The idea of the patch-set is to submit fuse requests in non-blocking way
(where it's possible) and either return -EIOCBQUEUED or wait for their
completion synchronously. The patch-set to be applied on top of for-next of
Miklos' git repo.
To estimate performance improvement I used slightly modified fusexmp over
tmpfs (clearing O_DIRECT bit from fi->flags in xmp_open).
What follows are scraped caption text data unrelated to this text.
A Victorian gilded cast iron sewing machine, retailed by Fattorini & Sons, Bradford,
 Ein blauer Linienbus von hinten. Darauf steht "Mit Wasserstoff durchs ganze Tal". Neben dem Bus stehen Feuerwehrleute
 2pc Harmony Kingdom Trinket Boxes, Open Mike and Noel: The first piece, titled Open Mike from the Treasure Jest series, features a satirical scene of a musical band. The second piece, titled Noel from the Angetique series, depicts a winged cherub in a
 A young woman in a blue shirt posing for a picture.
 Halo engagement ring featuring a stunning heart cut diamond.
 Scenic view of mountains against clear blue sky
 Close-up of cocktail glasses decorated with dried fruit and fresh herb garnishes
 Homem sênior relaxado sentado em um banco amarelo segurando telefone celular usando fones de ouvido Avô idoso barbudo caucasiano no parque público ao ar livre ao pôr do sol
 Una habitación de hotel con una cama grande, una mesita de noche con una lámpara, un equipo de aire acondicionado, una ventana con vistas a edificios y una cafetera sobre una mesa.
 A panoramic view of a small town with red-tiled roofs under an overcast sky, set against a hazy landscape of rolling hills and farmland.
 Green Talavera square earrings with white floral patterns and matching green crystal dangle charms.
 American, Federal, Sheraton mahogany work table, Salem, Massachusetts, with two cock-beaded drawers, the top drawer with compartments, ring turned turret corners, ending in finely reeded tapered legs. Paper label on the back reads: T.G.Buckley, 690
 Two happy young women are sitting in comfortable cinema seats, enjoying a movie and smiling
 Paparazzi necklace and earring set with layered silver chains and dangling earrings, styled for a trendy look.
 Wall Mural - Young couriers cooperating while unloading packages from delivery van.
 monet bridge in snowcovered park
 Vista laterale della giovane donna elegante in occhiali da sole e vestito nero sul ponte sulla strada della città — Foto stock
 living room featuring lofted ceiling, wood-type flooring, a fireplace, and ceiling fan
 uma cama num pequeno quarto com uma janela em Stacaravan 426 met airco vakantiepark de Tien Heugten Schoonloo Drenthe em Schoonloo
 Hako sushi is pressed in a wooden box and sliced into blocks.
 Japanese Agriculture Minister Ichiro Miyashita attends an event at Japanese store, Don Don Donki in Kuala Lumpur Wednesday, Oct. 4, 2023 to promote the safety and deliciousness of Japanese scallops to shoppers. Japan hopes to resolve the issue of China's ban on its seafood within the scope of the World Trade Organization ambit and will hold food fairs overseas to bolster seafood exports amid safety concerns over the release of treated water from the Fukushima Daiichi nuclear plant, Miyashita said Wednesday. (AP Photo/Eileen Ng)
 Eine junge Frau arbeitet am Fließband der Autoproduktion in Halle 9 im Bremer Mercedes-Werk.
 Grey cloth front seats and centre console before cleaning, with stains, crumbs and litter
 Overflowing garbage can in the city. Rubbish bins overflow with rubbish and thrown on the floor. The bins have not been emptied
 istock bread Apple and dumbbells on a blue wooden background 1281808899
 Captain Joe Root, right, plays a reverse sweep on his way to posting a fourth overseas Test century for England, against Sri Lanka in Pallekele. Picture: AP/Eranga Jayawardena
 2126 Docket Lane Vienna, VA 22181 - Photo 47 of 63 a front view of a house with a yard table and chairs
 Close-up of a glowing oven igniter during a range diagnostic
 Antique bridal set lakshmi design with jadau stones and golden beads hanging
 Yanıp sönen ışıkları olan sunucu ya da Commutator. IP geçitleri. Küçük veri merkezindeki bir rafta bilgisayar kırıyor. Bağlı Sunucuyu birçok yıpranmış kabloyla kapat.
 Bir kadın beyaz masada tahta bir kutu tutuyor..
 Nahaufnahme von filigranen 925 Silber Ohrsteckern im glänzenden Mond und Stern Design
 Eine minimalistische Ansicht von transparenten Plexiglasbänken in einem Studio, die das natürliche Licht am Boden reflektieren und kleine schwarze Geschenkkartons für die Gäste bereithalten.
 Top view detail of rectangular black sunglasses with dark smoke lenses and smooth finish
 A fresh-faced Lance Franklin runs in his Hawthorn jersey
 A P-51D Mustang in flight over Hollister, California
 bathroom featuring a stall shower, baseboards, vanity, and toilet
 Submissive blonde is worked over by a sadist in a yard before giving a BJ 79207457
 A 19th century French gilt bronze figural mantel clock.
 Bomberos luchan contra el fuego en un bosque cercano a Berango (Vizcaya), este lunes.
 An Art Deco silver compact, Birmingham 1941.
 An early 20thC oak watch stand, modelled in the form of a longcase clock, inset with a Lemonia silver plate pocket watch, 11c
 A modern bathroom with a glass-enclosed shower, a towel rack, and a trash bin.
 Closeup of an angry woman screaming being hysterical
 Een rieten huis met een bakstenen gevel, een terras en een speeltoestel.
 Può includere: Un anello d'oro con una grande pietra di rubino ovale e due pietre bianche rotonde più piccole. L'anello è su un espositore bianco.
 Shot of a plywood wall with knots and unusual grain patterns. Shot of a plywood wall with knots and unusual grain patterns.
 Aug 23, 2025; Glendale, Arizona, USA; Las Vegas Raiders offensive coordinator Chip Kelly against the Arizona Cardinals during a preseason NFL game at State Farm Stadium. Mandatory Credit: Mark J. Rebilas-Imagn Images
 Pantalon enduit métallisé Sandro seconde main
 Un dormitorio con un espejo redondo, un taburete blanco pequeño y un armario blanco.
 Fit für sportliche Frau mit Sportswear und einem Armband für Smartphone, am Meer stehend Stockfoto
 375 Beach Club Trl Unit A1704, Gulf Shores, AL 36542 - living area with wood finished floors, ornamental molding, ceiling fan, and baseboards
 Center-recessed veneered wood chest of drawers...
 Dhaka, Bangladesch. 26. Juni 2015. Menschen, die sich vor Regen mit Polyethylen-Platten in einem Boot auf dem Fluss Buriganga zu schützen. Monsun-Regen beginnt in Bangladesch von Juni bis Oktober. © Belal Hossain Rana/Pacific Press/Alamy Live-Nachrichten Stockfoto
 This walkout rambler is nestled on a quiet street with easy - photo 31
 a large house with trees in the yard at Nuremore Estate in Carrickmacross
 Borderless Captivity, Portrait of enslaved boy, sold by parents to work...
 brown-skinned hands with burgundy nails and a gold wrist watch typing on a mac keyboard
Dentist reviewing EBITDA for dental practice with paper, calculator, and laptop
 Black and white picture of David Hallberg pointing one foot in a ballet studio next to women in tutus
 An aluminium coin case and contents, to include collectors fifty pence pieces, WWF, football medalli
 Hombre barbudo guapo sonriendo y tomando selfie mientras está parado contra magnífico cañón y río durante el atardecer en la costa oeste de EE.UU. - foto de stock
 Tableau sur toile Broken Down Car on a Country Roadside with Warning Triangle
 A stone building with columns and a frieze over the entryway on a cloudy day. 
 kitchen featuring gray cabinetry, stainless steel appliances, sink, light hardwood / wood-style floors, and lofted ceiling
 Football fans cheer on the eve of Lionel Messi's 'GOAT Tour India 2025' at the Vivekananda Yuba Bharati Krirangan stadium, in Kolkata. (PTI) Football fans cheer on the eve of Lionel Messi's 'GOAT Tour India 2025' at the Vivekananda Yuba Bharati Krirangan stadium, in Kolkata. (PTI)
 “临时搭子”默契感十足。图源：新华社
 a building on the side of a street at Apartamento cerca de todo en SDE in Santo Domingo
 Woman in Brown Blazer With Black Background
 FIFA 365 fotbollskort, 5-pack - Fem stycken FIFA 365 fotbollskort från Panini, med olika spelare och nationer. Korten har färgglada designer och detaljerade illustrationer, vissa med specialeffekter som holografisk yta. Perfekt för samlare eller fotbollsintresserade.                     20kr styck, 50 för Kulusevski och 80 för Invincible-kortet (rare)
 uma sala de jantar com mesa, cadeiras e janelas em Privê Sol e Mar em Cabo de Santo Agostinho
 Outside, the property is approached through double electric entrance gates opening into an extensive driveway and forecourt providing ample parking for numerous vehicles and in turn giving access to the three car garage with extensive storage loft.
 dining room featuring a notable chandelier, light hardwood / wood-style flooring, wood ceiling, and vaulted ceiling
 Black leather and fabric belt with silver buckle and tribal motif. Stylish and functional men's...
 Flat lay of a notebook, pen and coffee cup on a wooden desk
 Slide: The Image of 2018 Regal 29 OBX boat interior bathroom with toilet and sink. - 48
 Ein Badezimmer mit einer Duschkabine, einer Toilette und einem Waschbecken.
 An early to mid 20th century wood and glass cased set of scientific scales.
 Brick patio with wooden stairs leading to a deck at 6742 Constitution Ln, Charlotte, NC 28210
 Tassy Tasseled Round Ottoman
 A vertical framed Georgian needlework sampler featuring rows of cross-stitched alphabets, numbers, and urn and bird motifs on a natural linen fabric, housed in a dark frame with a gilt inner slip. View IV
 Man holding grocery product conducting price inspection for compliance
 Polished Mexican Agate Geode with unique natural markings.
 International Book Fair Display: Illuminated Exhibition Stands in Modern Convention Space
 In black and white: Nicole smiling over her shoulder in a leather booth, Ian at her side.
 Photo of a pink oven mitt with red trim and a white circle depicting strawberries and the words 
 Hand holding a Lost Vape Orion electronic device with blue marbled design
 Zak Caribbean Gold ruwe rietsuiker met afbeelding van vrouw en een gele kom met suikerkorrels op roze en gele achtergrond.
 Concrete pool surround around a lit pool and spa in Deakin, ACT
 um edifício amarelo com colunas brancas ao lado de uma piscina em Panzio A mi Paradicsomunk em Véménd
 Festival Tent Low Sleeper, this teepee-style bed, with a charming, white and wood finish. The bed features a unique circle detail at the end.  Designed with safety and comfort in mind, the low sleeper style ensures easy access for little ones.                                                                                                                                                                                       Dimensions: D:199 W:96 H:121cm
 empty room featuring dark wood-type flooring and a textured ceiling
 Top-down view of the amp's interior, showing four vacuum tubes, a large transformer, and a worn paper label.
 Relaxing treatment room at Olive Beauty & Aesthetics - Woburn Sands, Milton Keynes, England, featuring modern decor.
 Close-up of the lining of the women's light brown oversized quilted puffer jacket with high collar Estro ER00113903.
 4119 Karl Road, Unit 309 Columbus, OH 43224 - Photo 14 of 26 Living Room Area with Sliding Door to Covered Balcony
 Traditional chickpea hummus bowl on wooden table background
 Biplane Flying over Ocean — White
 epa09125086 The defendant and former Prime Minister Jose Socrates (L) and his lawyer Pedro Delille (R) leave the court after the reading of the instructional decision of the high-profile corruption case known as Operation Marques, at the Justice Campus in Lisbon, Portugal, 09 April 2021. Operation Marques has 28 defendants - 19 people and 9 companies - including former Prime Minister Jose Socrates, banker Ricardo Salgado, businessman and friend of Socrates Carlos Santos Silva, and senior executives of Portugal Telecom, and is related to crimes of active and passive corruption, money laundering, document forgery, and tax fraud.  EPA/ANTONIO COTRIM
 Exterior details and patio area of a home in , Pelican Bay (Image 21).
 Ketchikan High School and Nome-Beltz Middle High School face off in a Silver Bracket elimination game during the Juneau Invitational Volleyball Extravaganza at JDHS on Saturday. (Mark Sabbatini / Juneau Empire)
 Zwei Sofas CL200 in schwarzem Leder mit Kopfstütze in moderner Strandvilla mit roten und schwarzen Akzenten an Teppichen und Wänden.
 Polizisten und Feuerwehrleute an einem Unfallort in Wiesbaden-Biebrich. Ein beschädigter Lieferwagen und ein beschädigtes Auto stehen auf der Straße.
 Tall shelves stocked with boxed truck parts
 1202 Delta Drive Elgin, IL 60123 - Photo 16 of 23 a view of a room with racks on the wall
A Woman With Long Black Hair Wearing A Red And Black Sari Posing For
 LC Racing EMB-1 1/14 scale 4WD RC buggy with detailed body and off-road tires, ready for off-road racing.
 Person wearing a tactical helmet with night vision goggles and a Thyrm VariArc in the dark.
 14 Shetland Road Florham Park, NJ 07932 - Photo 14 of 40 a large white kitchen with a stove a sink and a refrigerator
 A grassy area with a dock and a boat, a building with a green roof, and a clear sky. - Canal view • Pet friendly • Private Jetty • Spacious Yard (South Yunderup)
For synchronous
operations I used 'dd' like this:
dd of=/dev/null if=/fuse/mnt/file bs=2M count=256 iflag=direct
dd if=/dev/zero of=/fuse/mnt/file bs=2M count=256 oflag=direct conv=notrunc
For AIO I used 'aio-stress' like this:
aio-stress -s 512 -a 4 -b 1 -c 1 -O -o 1 /fuse/mnt/file
aio-stress -s 512 -a 4 -b 1 -c 1 -O -o 0 /fuse/mnt/file
The throughput on some commodity (rather feeble) server was (in MB/sec):
original / patched
dd reads: ~322 / ~382
dd writes: ~277 / ~288
aio reads: ~380 / ~459
aio writes: ~319 / ~353
Changed in v2 - cleanups suggested by Brian:
- Updated fuse_io_priv with an async field and file pointer to preserve
the current style of interface (i.e., use this instead of iocb).
- Trigger the type of request submission based on the async field.
- Pulled up the fuse_write_update_size() call out of __fuse_direct_write()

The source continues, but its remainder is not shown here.